Dalam dunia energi, adagium yang sangat populer salah satunya adalah “energi merupakan titipan anak cucu kita”, termasuk didalamnya adalah energi listrik. Sebagai barang titipan, sudah barang tentu kita memiliki tanggung jawab untuk menjaganya sehingga barang titipan tersebut tersampaikan ke anak cucu tanpa kurang satu apapun. Pendek kata, apa yang kita nikmati saat ini (khususnya energi listrik) juga harus dapat dinikmati oleh anak cucu kita kelak.
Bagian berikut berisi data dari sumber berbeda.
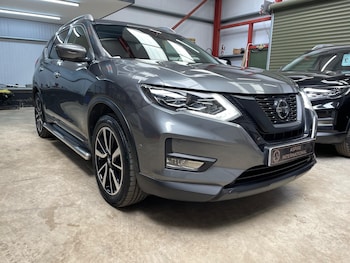 Used Nissan X-Trail 2019 for sale - 78388810: Photo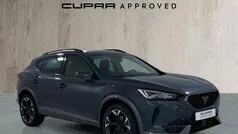Gris Usado 2022 Cupra Formentor SUV | 24.855 € (Precio justo)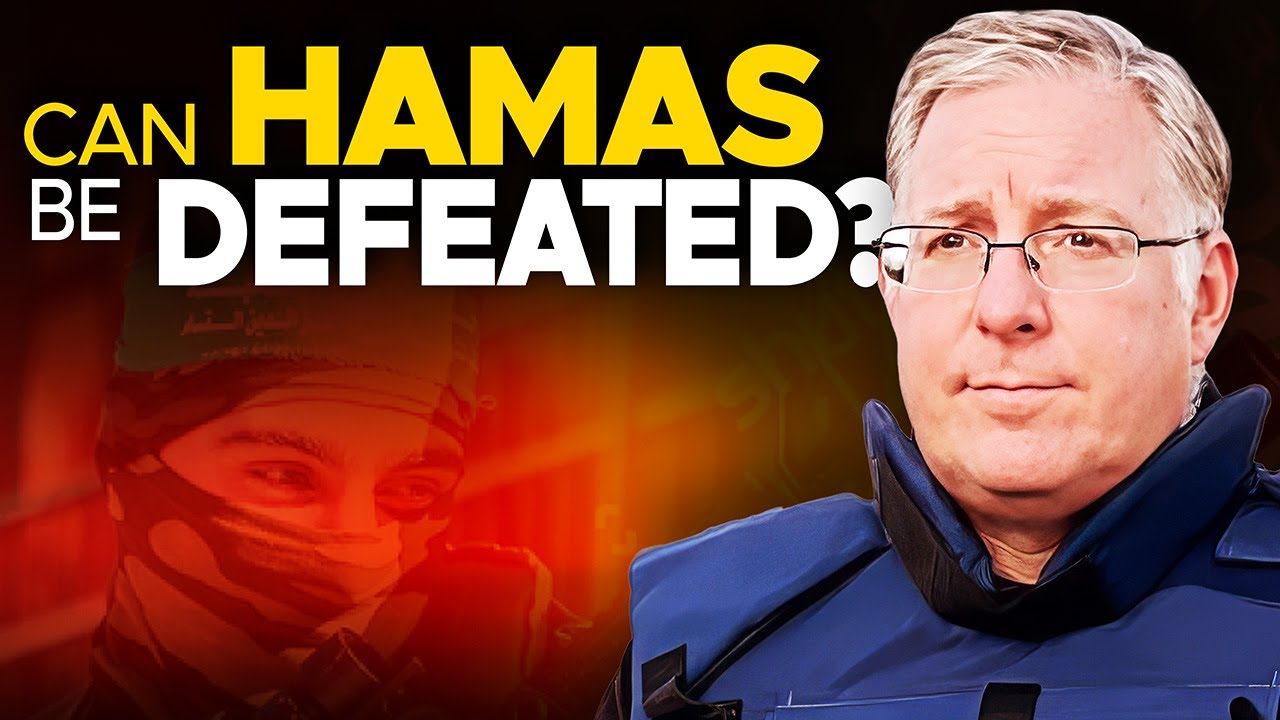 Can Hamas be defeated? The Military Strategy and the Path Forward I Inside the Epicenter Podcast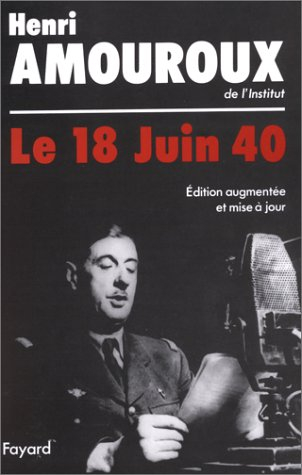 Le 18 juin 40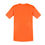 Thumbnail: Syzmik Mens Hi Vis Tee Shirt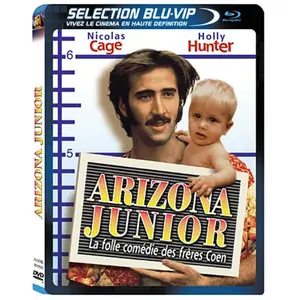 Fox Pathe Europa Cnt Arizona junior Blu-ray pas cher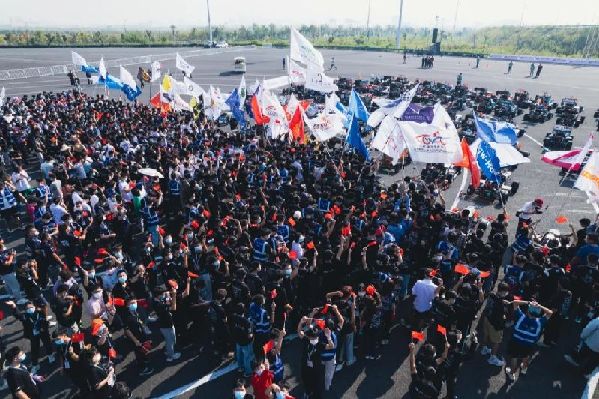 2022中国大学生方程式系列赛事落幕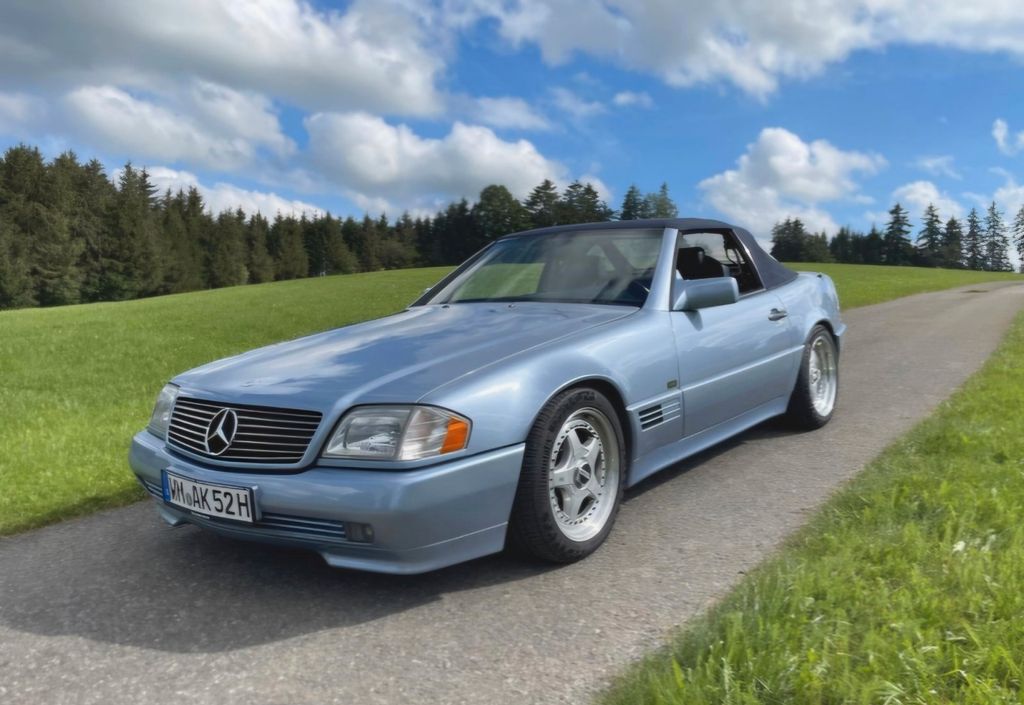 Bild des Angebotes Mercedes-Benz SL 300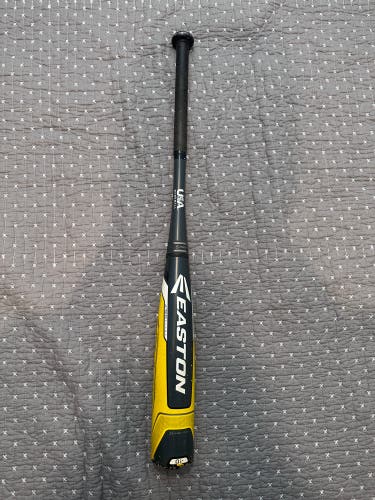 Used Easton Bat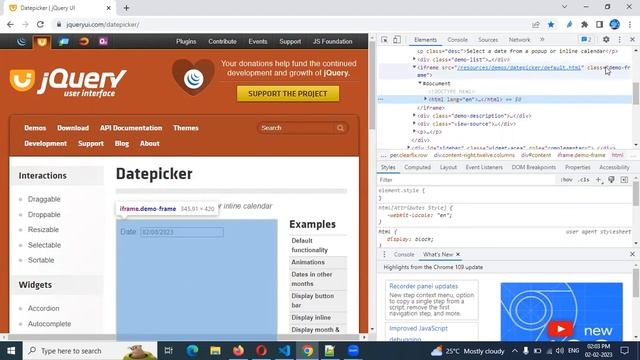 Cypress Beginner Part 25: Date Picker in Cypress смотреть онлайн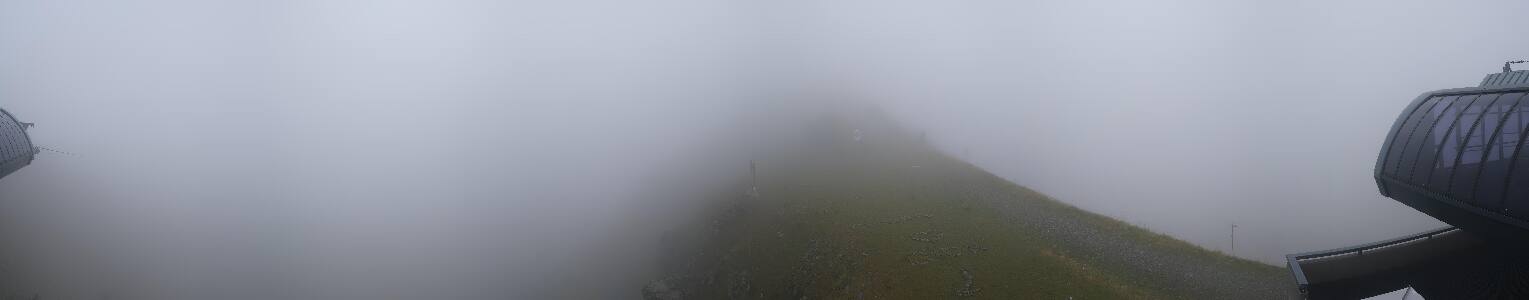 Silvretta Montafon | Panorama Bahn am Hochjoch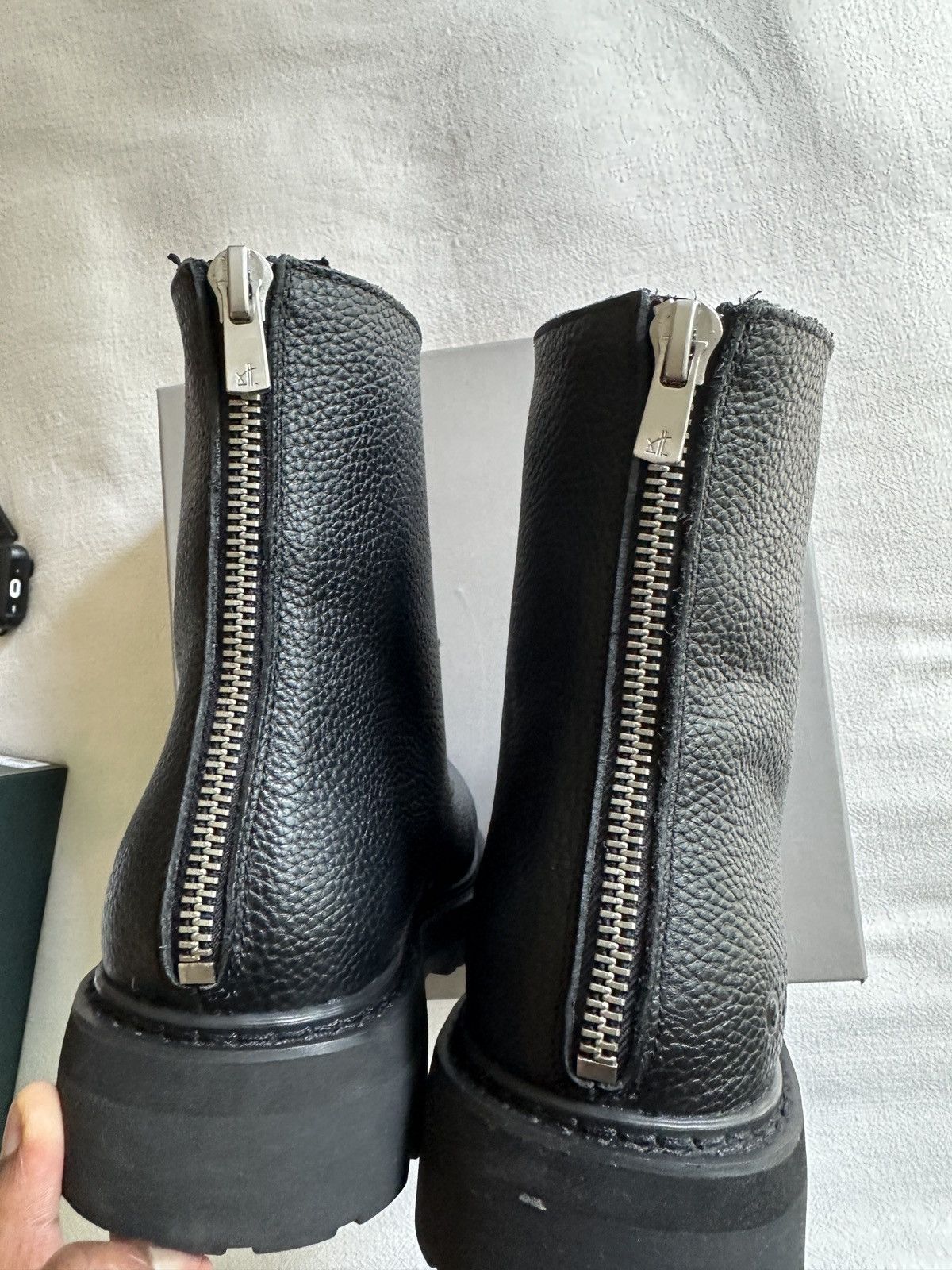 Oree New York OREE NYC INFANTRY BOOT Size US 11 / EU 44 - 6 Thumbnail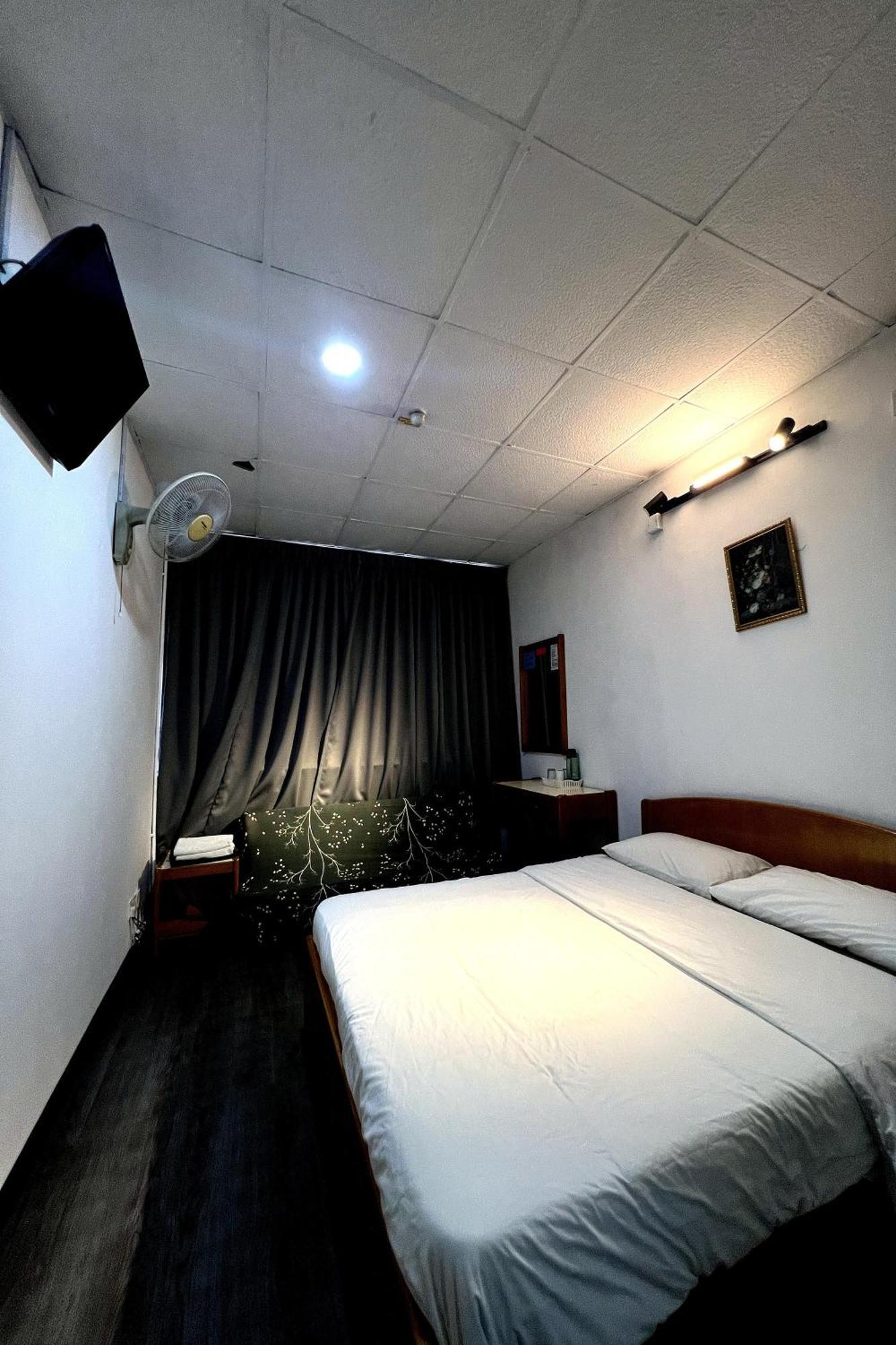 Madani Muslim Hotel Cameron Highland Cameron Highlands Eksteriør billede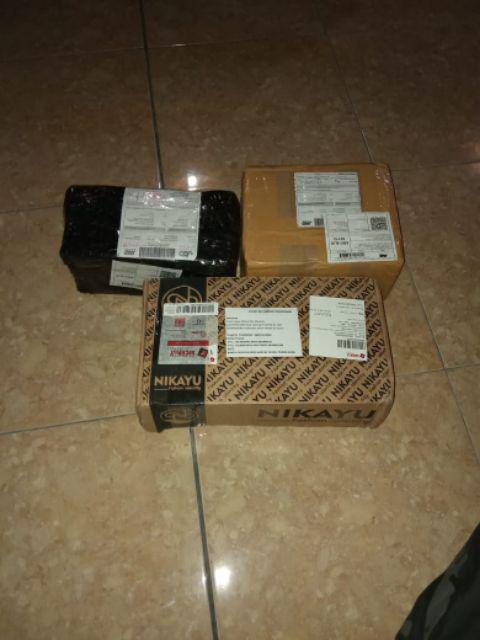 Souvenir Sendok Garpu Makan Kemas Mika Isi 25pcs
Sumber energi listrik ditinjau dari jenis pembangkitnya dapat diklasifikasikan menjadi dua, yaitu sumber energi yang tidak terbarukan (fosil) dan sumber energi yang terbarukan yang lazim disebut dengan energi baru terbarukan (EBT). Data terbaru berdasarkan buku Statisitik Ketenagalistrikan Tahun 2020, kapasitas pembangkit terpasang masih didominasi oleh pembangkit listrik fosil, yaitu sebesar 85,63 persen, sisanya adalah pembangkit listrik non fosil sebesar 14,37 persen, dengan nilai total kapasitas daya pembangkit sebesar 72.750,72 MW. Sebagaimana khalayak umum ketahui, bahwa fosil merupakan sumber energi yang terbatas jumlahnya, sehingga penggunaan terhadap energi tersebut perlu dikelola secara optimal. Ketidakberhasilan dalam pengelolaan energi fosil yang salah satunya diakibatkan penggunaan yang tidak efisien akan mengakibatkan kegagalan kita semua dalam mengemban amanah yang harus disampaikan kepada anak cucu kita.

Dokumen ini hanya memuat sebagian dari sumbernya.